Eight bells: Ernest (Ernie) Kervel

By Terry van Velzen

Ernest Kervel, for insiders Ernie, past away in Hospital on October 18th 2010 on the Island of Aruba. Ernie was President of ISCA from 1983-1984, a long time member of the ISCA World Council, and chairman of Aruba’s National Sunfish Class Association for many years.

I met Ernie approx 45 years ago on the island of Aruba, were he was amongst others good friends with Jan Walig, Gijs van Omme and my father Theo van Velzen. When notified of his recent passing away, I immediately felt the urge to write some words on paper. Since Jan and Gijs knew Ernie quite well, I asked their help to share their memories with us. Here is our contribution to a man with a mission: sailing Sunfish.

Ernie, with his sparkling keen eyes, has been hooked on sailing for as long as we can remember and has always been the driving forces behind organized sailing on Aruba, which at one time was extremely popular. Gifted with an organizational talent, he was able to get people together, at work as well as in social life. Ernie’s enthusiasm was very catching and together with his social humor and his warm smile you couldn’t get around him. Ernst Kervel was long time President of the Aruba Sunfish Club, which acquired world attention by organizing Sunfish Worlds three times on Aruba. The publicity they received in magazines all over the world was enormous, praising the Arubans on their efforts to make it a once-in-a-Life time experience. The last time this event took place in Aruba was in 1987, and Ernie always kept the dream alive that one day he would again bring the Sunfish worlds to Aruba. Unfortunately this dream will remain unfulfilled.There are many story and myths about Ernie Kervel, which all started when he came to the island of Aruba in 1947. He discovered that sailing was quite a popular sport even among the Arubans. When the first Sailfishes arrived on the island, sailed by Americans working at the Esso refinery better known as Lago Oil, Ernie started sailing the boat as well. Later the Sunfish arrived and replaced the Sailfish. In those days Ernie was working for Maduro Trading Company and immediately saw the commercial potential of the boat. He acquired exclusive rights to import the boat to the Island under the name “Ernie’s Sails and Yachts supplies”. That’s when I met Ernie since my father bought one as well and I was allowed as 8 year old to learn sailing in the Sunfish. The Sport became very popular then and Ernie and his Aruban friends took part in their first World Championships. In total Ernie sailed 17 Sunfish world championships which makes him a real Master although he never came close to winning. In 1974, he organized the Race for the first time on Aruba and 107 participants from all over the world came to the island. A perfect organization with attractive local conditions including palm trees and beautiful white beaches made the event extremely popular with the sailors. Ernie was asked to repeat this event which eventually ended in organizing a second and third Worlds on Aruba in 1980 and 1987.

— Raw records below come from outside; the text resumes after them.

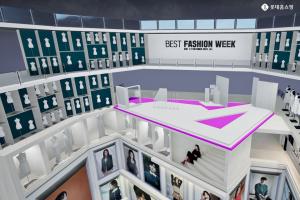 롯데홈쇼핑, AR 기술 활용한 가상 패션쇼 펼친다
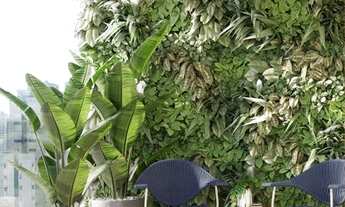 Imagem 4: Apartamento à venda no bairro Moema - São Paulo/SP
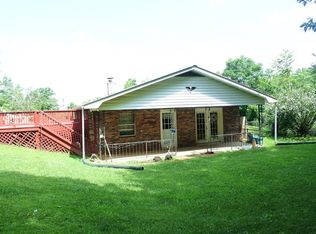 110 Hummel Ln, Monroe, TN 38573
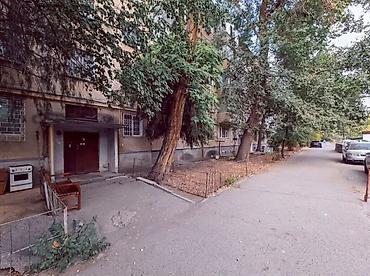 35: 1 комната, 35 м², 8 мкр 1 этаж — 1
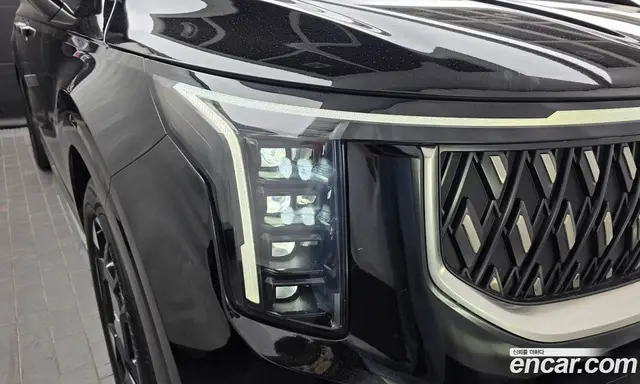 Kia Carnival 2025 2.2 автомат (гидро), миниатюра 7 Kia Carnival 2025 2.2 автомат (гидро), миниатюра 7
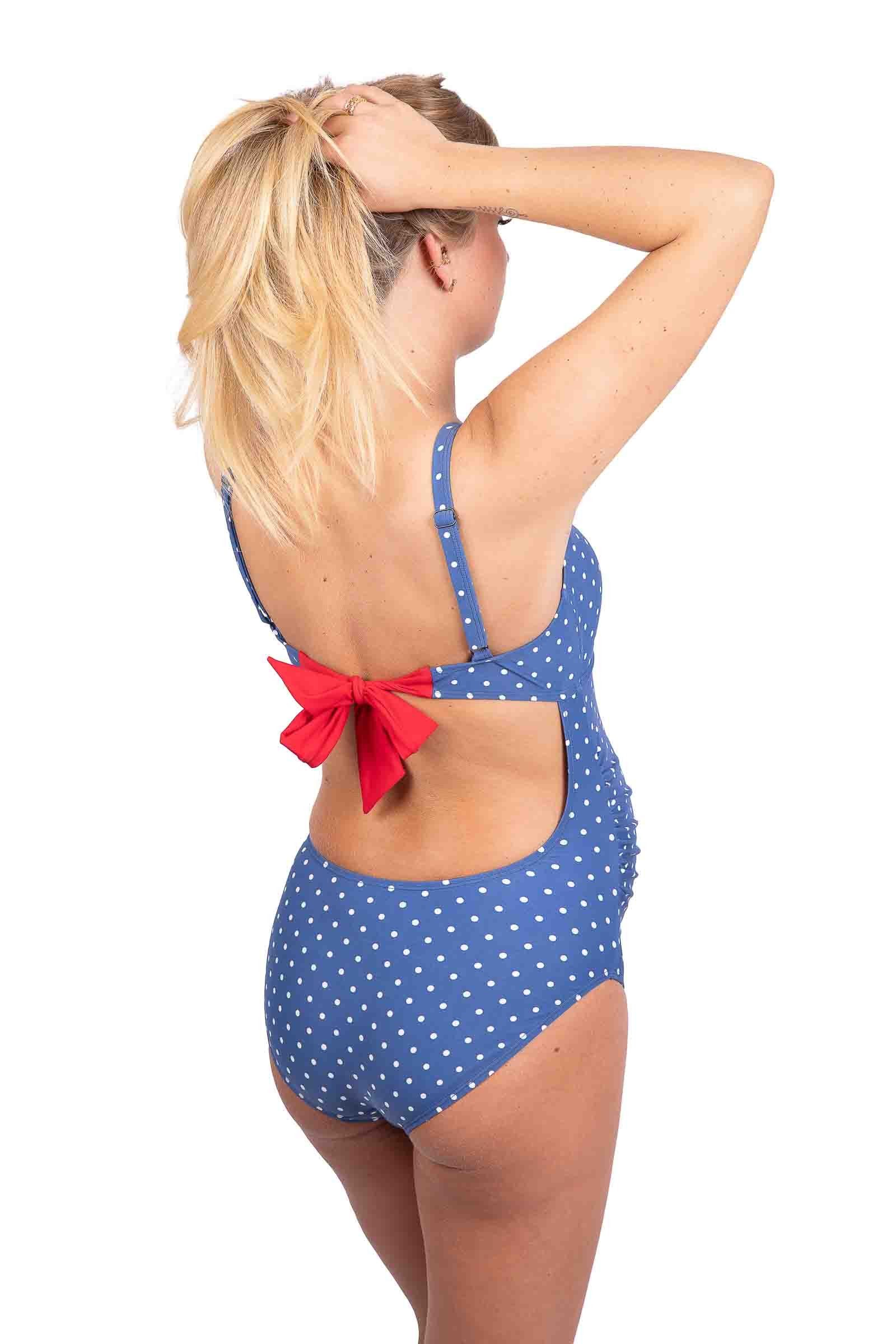 Umstandsbadeanzug ALICE maternity swimwear B/C/D Cup Umstandsbademode
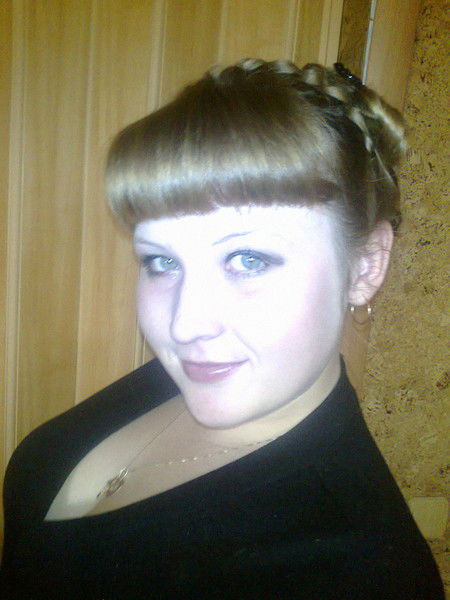 Елена Черных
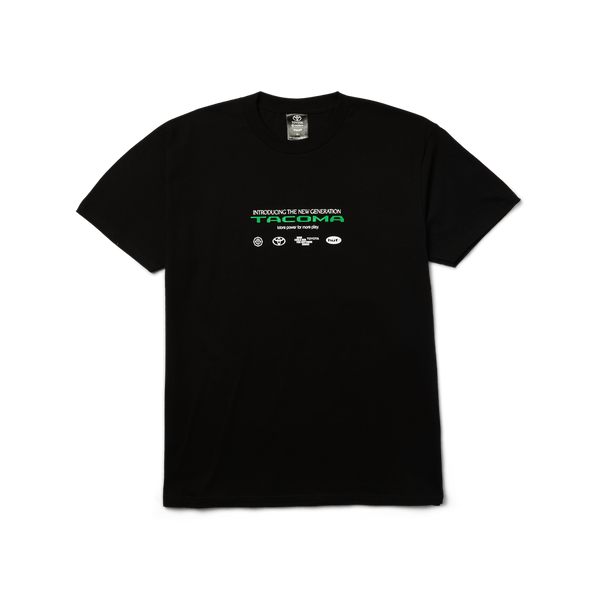 HUF x Toyota Trailhunter New Generation T-Shirt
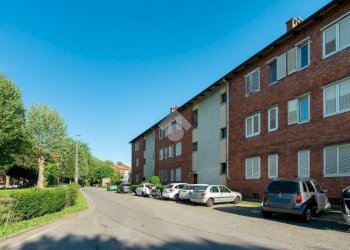 Three-room apartment Via dei tigli, Torino (neighborhood Falchera) - photo 20
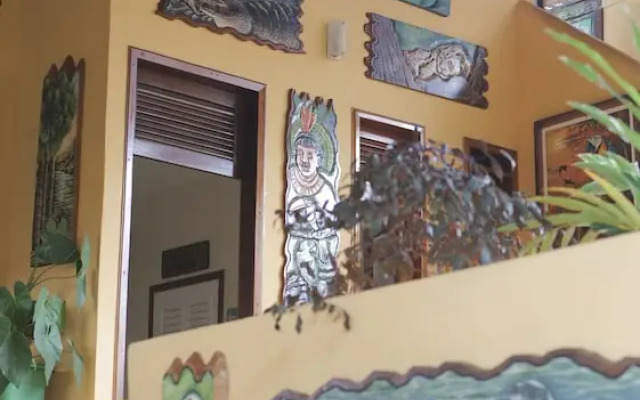 Hostel Manaus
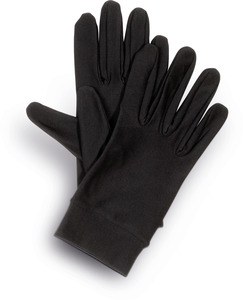 K-up KP409 - RUNNING GLOVES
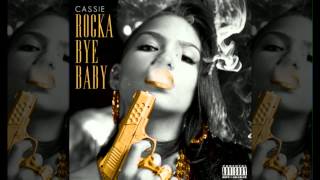 Cassie - Sound of Love ft. Jeremih (RockaByeBaby)(Presented by Bad Boy)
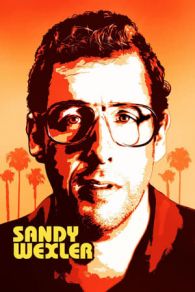 VER Sandy Wexler Online Gratis HD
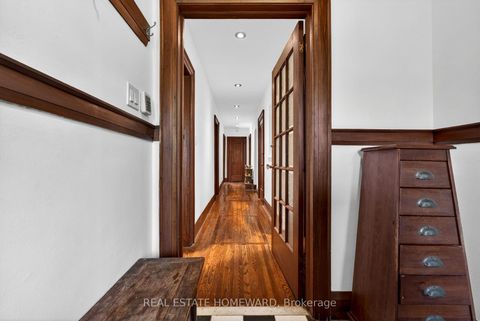 Photo 7 at 128 Glen Manor Drive, The Beaches, Toronto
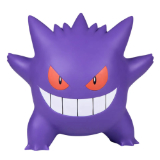 POKEMON LARGE SIZE FIGURE GENGAR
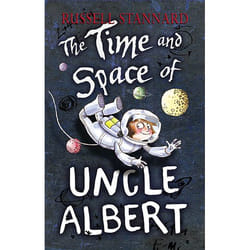 Allen & Unwin The Time and Space of Uncle Albert book Literary fiction English Paperback 128 pages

In the mean time, a few Aruban sailors with Dutch origin, including myself, moved back to the Netherlands. Together with other Dutch sailors the Sunfish was successfully introduced in the Netherlands, establishing the Sunfish Racing Class Nederland in 1980. Ernie was proud of this fact and regularly honored us by attending Sailing matches while on family visit in the Netherlands. Besides Jan Walig and Gijs van Omme also our world famous Class Secretary Greta Dekker-Bruning became good friends with Ernie. The last time we saw Ernie in the Netherlands was during the 2007 European championships in Workum. Although not in best health, Ernie participated in the Regatta with high spirits..A small miracle knowing that a few years earlier he was suffering from early dementia until a clever neurologist discovered that he had a rare cerebral disease, making recovery possible after a complicated and risky neurosurgical operation.

Ernie did not only sail Sunfish. He had a Ocean 505 racer and also regularly sailed ocean going yachts in the Caribbean. During one of these trips he had a narrow escape. During a night time regatta race between Aruba and Bonaire, while steering Ernie was washed overboard by a freak wave which hit his boat. He was sailing a “Dragon class” open race boat while of course not wearing a life jacket. Why should you. Luckily the owner of the sail boat, Mike Hagendoorn, who was asleep at that the time, noticed that the boat dramatically changed course and nobody was on the tiller. By a miracle he was able to return to the spot were Ernie might have fallen out of the boat and discovered him in the middle of heavy sea during a pitch dark night. Ernie had the luck of a devil. Ernie Kervel. Family man, hockey player, witty, always a smile, always energetic, if not hyperactive and always interested in people’s stories. The best companion one can imagine. His last lines written in the introduction of the 1987 Sunfish Worlds program:

Of course, it is the sailors, who finally make it happen and make it exciting. I hope they, themselves, realize this as well and see in the competitor also another sailor who made the same race possible. Sail with that in mind. Sail fair. Sail to win.